Des abeilles momifiées depuis 3 000 ans retrouvées au Portugal

abeille momifiéeCarlos Neto de Carvalho
Des abeilles momifiées depuis 3 000 ans retrouvées au Portugal. Une découverte d'une qualité exceptionnelle qui pourrait être très utile aujourd'hui.
Il y a 2 975 ans, le pharaon Siamon de la XXIᵉ dynastie égyptienne règne sur la Basse-Égypte, en Chine, la troisième dynastie chinoise Zhou s’éteint, le roi Salomon doit succéder à David dans l’ancien royaume d’Israël et sur le territoire du Portugal actuel, les populations quittent l’âge du bronze pour entrer dans celui du fer. Et dans le même temps, sur la côte sud-ouest du pays, aux alentours de la ville actuelle d’Odemira, une fossilisation des plus rares est en cours : des sarcophages de jeunes abeilles sont en train de se former. Aujourd’hui, ce sont des fossiles d’Eucera dans un “degré de conservation [exceptionnel]” qui se retrouvent entre les mains des scientifiques.
Des abeilles momifiées depuis 3 000 ans retrouvées au Portugal
Comme l’explique Andrea Baucon, paléontologue à l’Université de Sienne (Italie) et coauteure de l’étude, “la vérité est que la fossilisation de son utilisateur [l’abeille elle-même] est pratiquement inexistante”, la faute à la composition des squelettes et téguments (enveloppes protectrices) en chitine, une substance organique, qui les décomposent très rapidement.

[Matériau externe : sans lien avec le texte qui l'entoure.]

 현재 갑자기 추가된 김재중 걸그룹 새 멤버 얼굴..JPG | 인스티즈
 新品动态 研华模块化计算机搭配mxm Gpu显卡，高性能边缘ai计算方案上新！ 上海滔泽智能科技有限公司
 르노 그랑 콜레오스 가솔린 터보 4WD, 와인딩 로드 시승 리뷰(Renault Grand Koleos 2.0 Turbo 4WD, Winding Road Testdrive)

Imaginez donc la surprise des chercheurs sur ce site paléontologique lorsqu’ils ont découvert ces fossiles de couvains d’abeilles, parfois plusieurs milliers sur un mètre carré. Avec un tel degré de préservation qu’ils ont même parfois identifié le pollen monofloral laissé par la reine qui sert de nourriture à la larve dans les premiers instants de sa vie.

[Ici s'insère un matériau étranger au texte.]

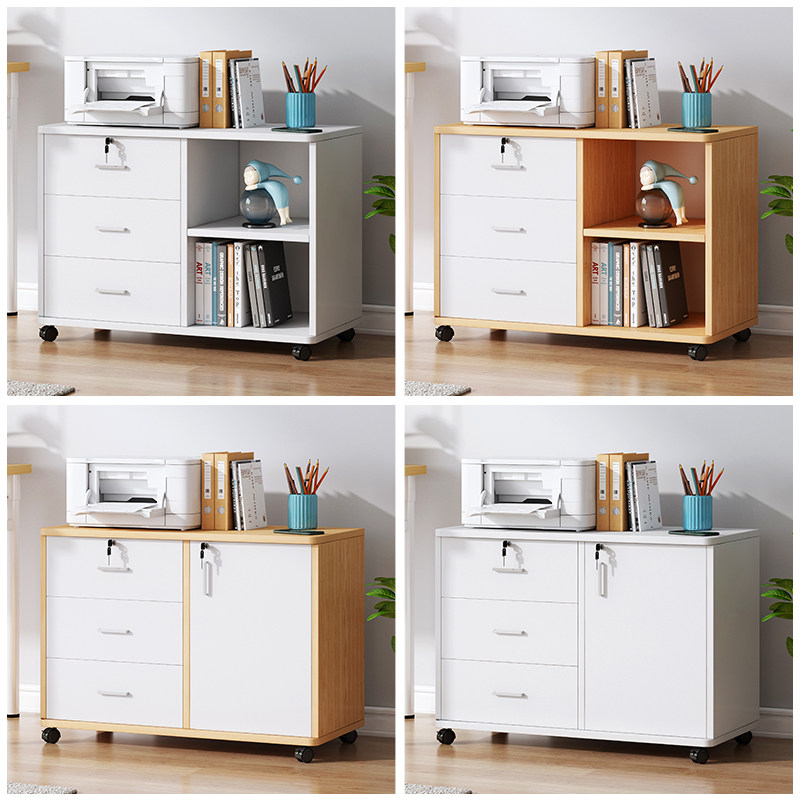 办公室文件柜简约现代带锁收纳柜侧边收纳柜桌下抽屉柜移动矮柜子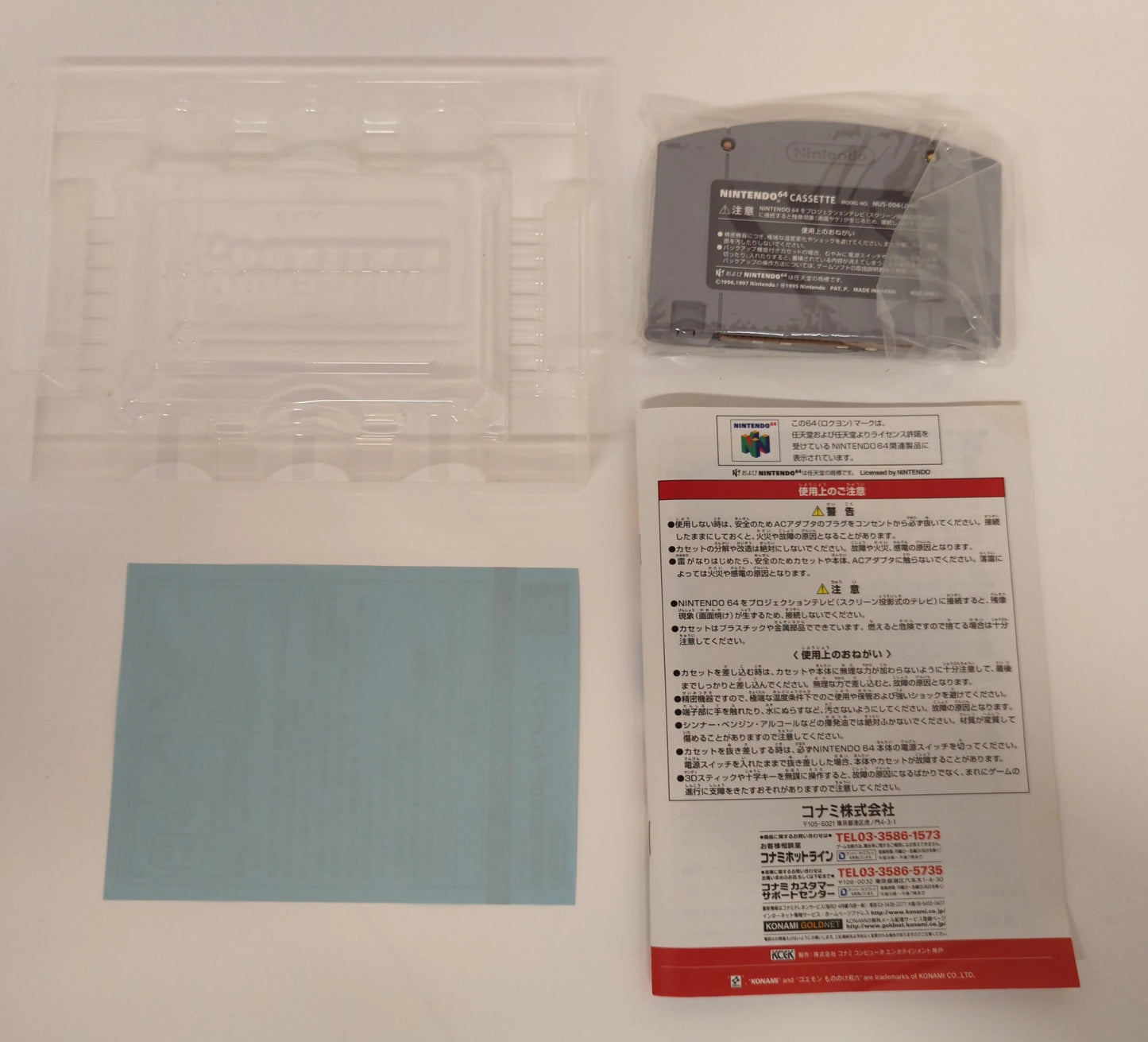 NINTENDO64 Goemon Mononoke Sugoroku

Grâce à la tomodensitométrie, les scientifiques ont pu obtenir une image tridimensionnelle parfaite de l’intérieur de ces “sarcophages” vieux de quelque 3 000 ans d’après une datation au carbone 14. “Nous avons pu identifier non seulement les détails anatomiques qui déterminent le type d’abeille [il s’agit de l’une des quelque 700 espèces toujours présentes au Portugal continental, ndlr], mais aussi son sexe et même la réserve de pollen monofloral laissée par la mère lorsqu’elle a construit le cocon”, précise Carlos Neto de Carvalho, chercheur collaborateur à l’Institut Dom Luiz de la Faculté des sciences de l’Université de Lisbonne (Ciências ULisboa, Portugal) et coauteur de l’étude.
Une découverte d’une qualité exceptionnelle qui pourrait être très utile aujourd’hui
Comprendre les raisons qui ont entraîné la mort et la momification de ces insectes il y a 3 000 ans pourrait “aider à comprendre et établir des stratégies de résilience face au changement climatique” actuel et, qui sait, peut-être endiguer la diminution significative des populations de ces pollinisateurs.
En ce qui concerne ces abeilles portugaises, il est probable qu’elles aient vécu dans un environnement très dur, avec des hivers bien plus froids et pluvieux que ceux d’aujourd’hui. “Une forte diminution de la température nocturne à la fin de l’hiver ou une inondation prolongée de la zone en dehors de la saison des pluies aurait pu entraîner la mort, par froid ou par asphyxie, et la momification de centaines de ces petites abeilles.” Et c’est aujourd’hui une formidable nouvelle source de connaissance.